Exercise: The required output is the run of lines from the one holding "New 2026 RAM" through the final line of the listing, restated word for word, with no pictures.

--- Records for this exercise Enclosed Below ---

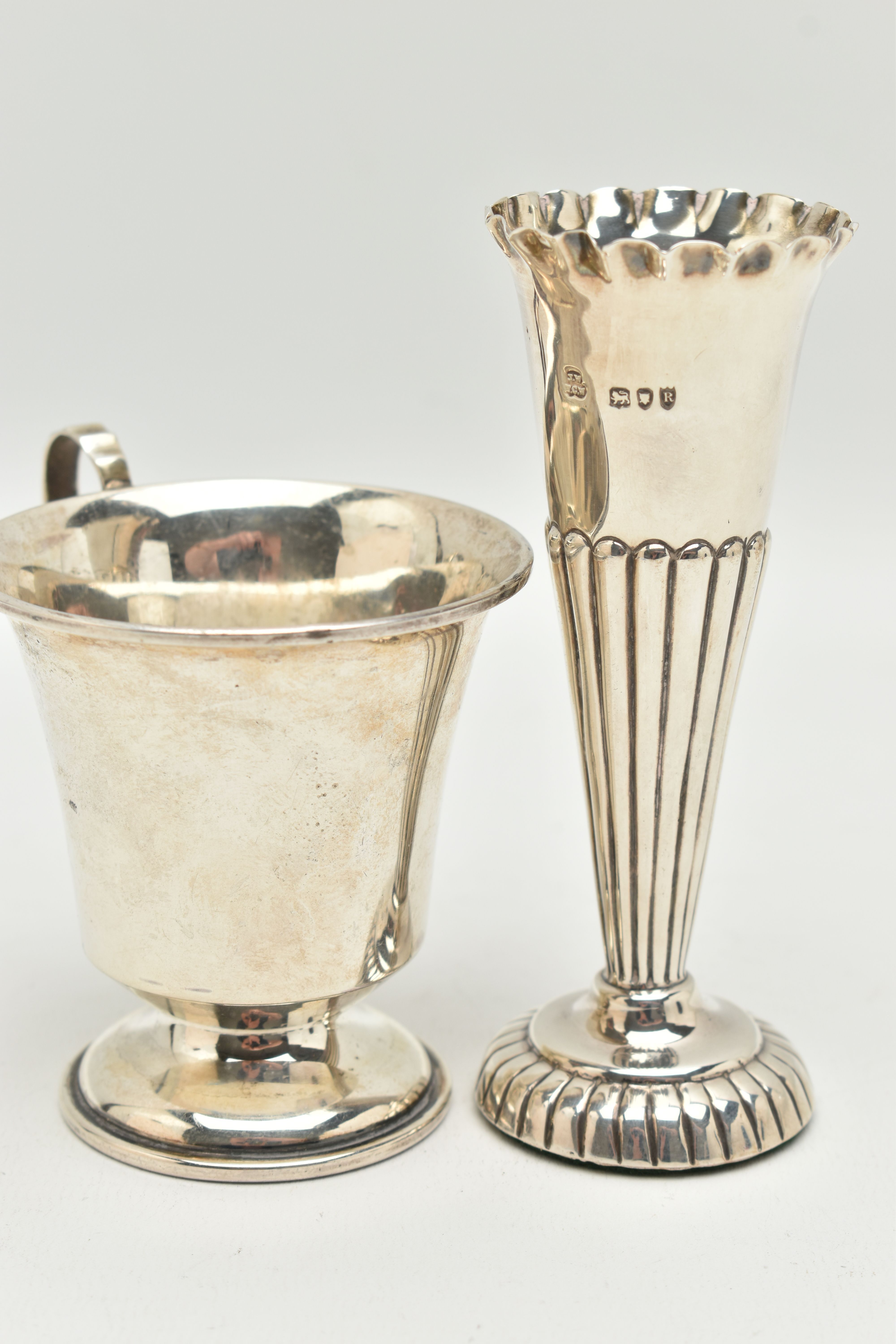 TWO ITEMS OF SILVER, to include a tapered stop reeded pattern posy vase, on a round weighted base, - Image 2 of 3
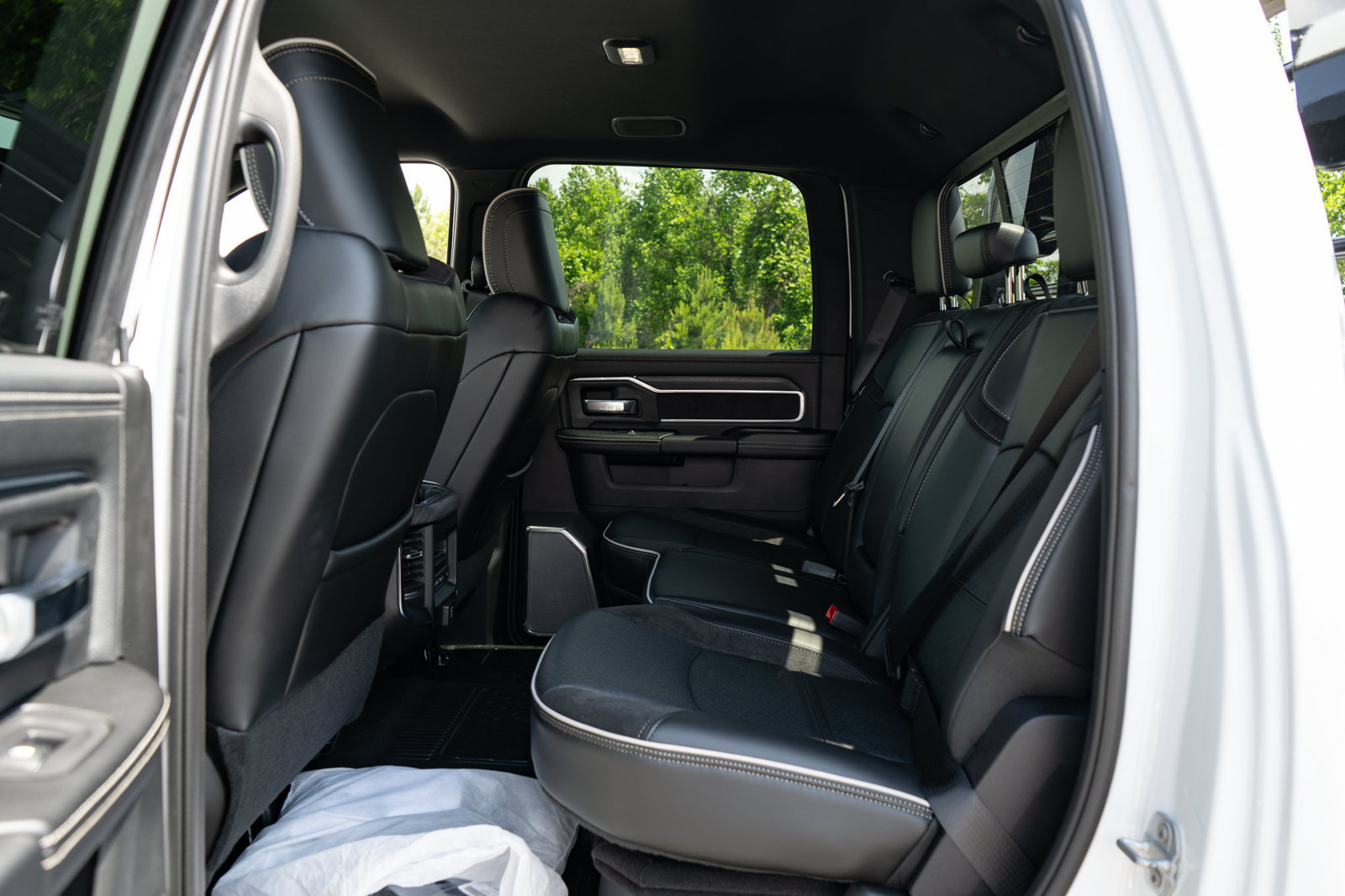 New 2026 RAM 4500 4x4 Crew Cab DRW w/ Laramie Trim Package image 36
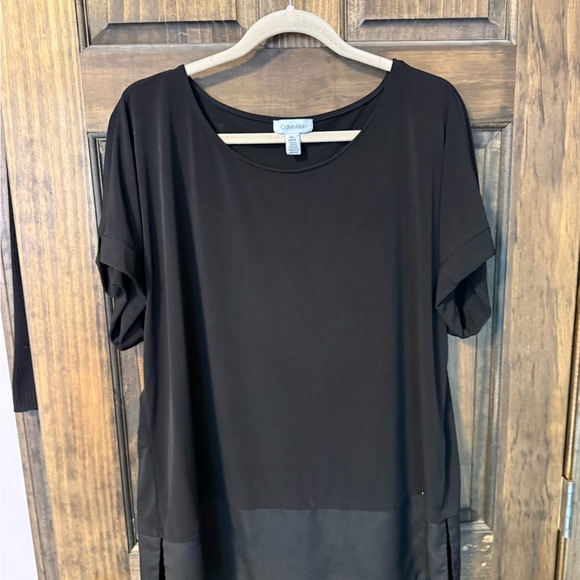 Calvin Klein Tops - Calvin Klein Black Short Sleeve Tee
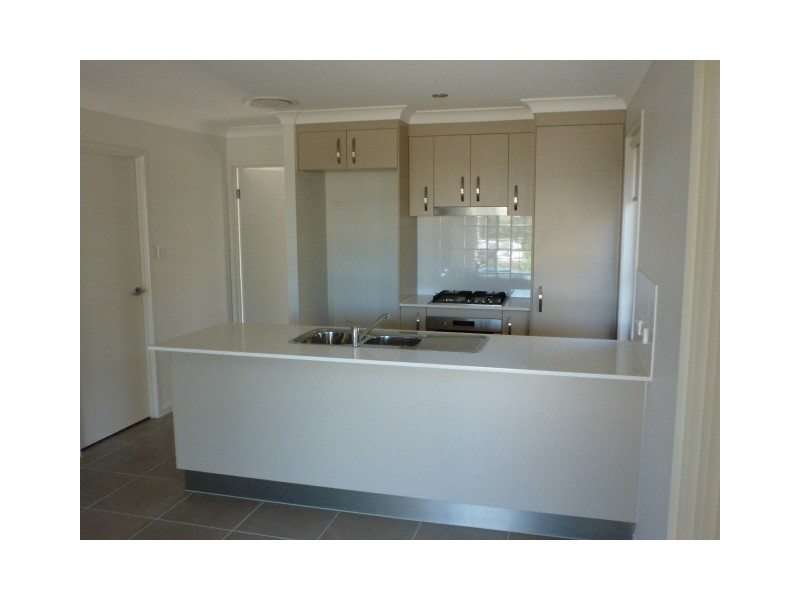 86 Carselgrove Ave, Fitzgibbon QLD 4018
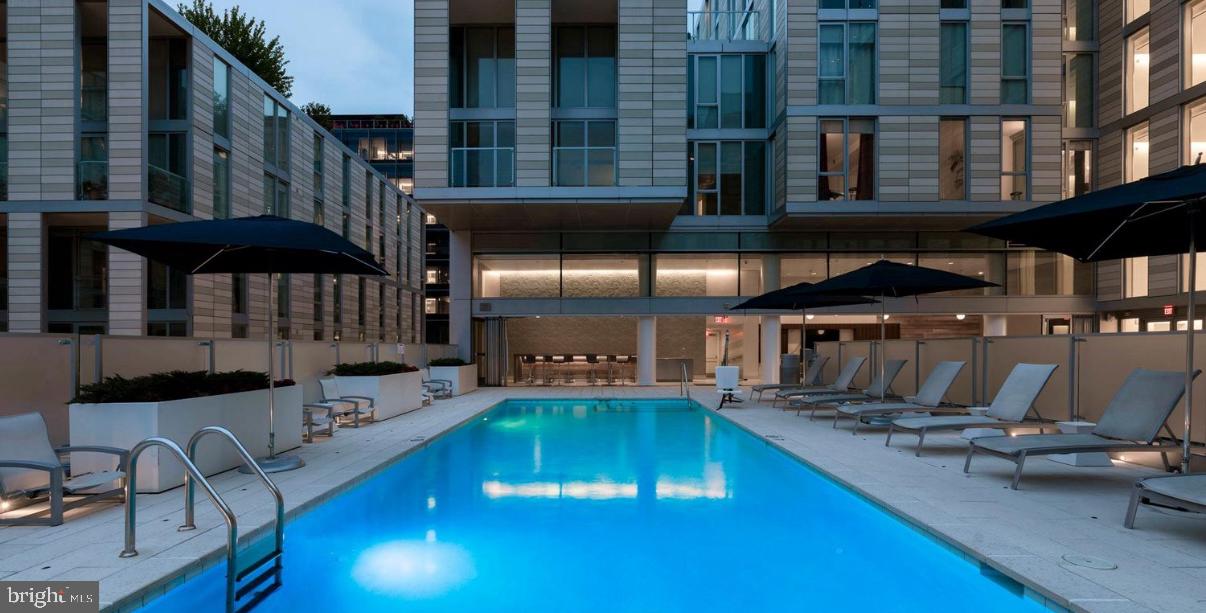 920 I St NW #504-505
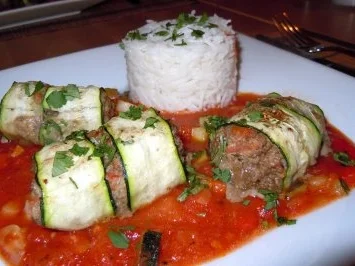 Zucchini-Röllchen, gefüllt auf Gemüsesauce und Reis - Rezept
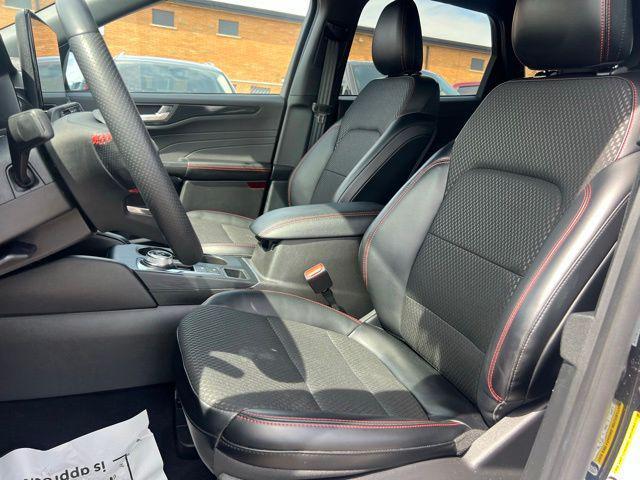 used 2024 Ford Escape car, priced at $26,275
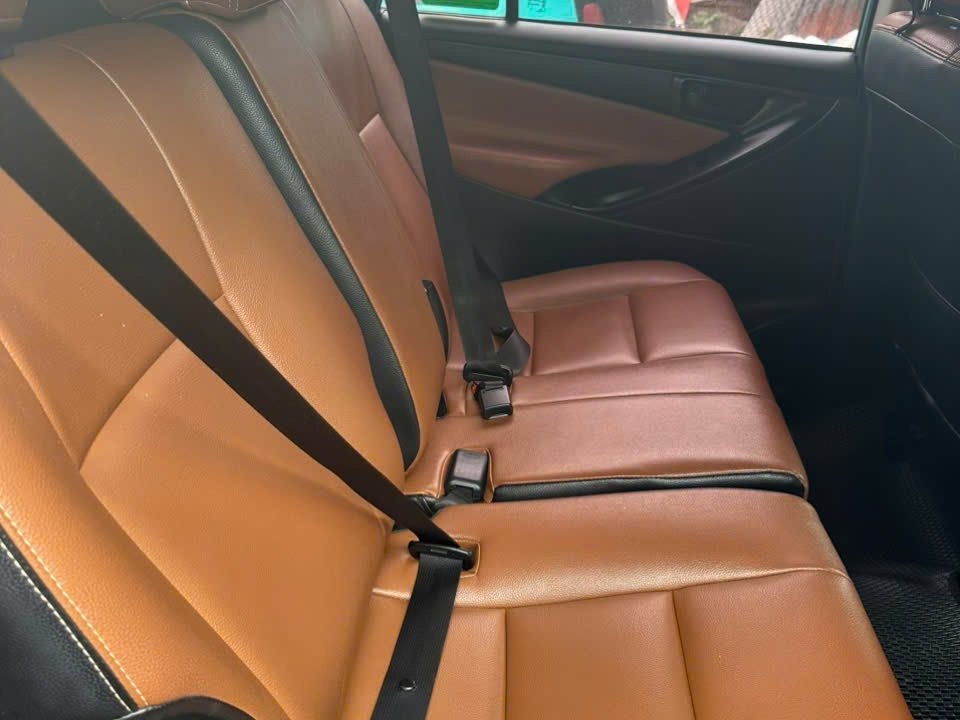 Second-row seats with seat belts in a private car for the Ha Giang Loop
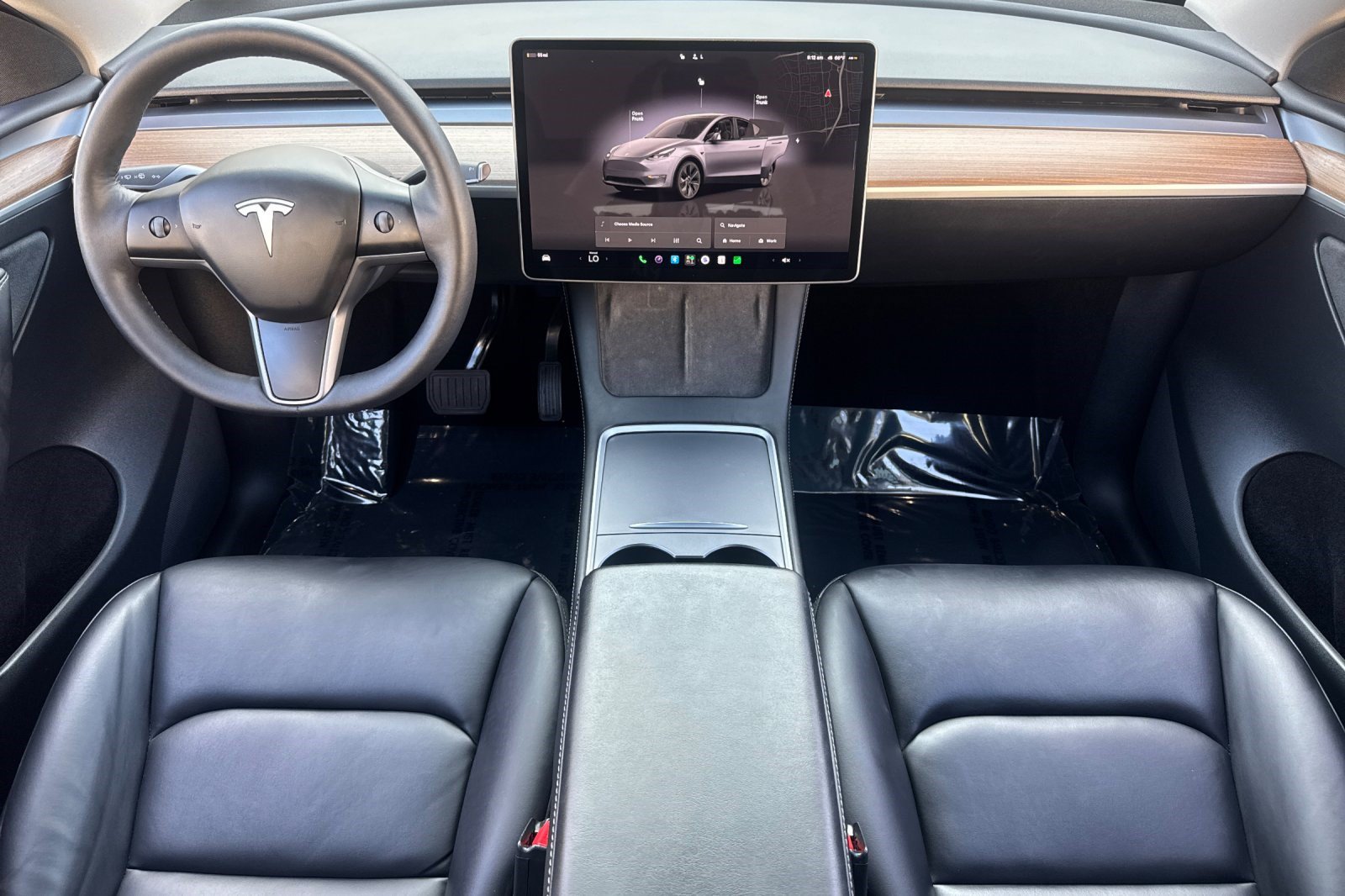 Used 2024 Tesla Model Y Long Range RWD image 16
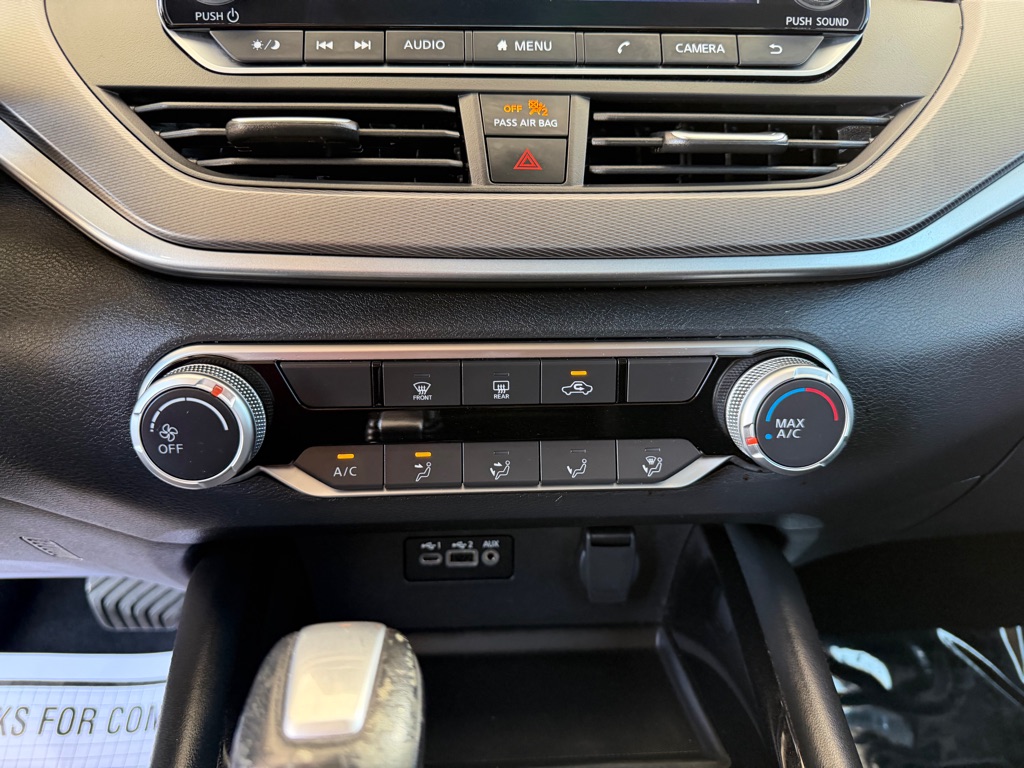 Photo 14 of this NISSAN ALTIMA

--- End of Enclosed Records for this exercise ---

Exercise output:
 New 2026 RAM 4500 4x4 Crew Cab DRW w/ Laramie Trim Package image 36
 Calvin Klein Tops - Calvin Klein Black Short Sleeve Tee
 86 Carselgrove Ave, Fitzgibbon QLD 4018
 920 I St NW #504-505
 Zucchini-Röllchen, gefüllt auf Gemüsesauce und Reis - Rezept
 used 2024 Ford Escape car, priced at $26,275
 Second-row seats with seat belts in a private car for the Ha Giang Loop
 Used 2024 Tesla Model Y Long Range RWD image 16
 Photo 14 of this NISSAN ALTIMA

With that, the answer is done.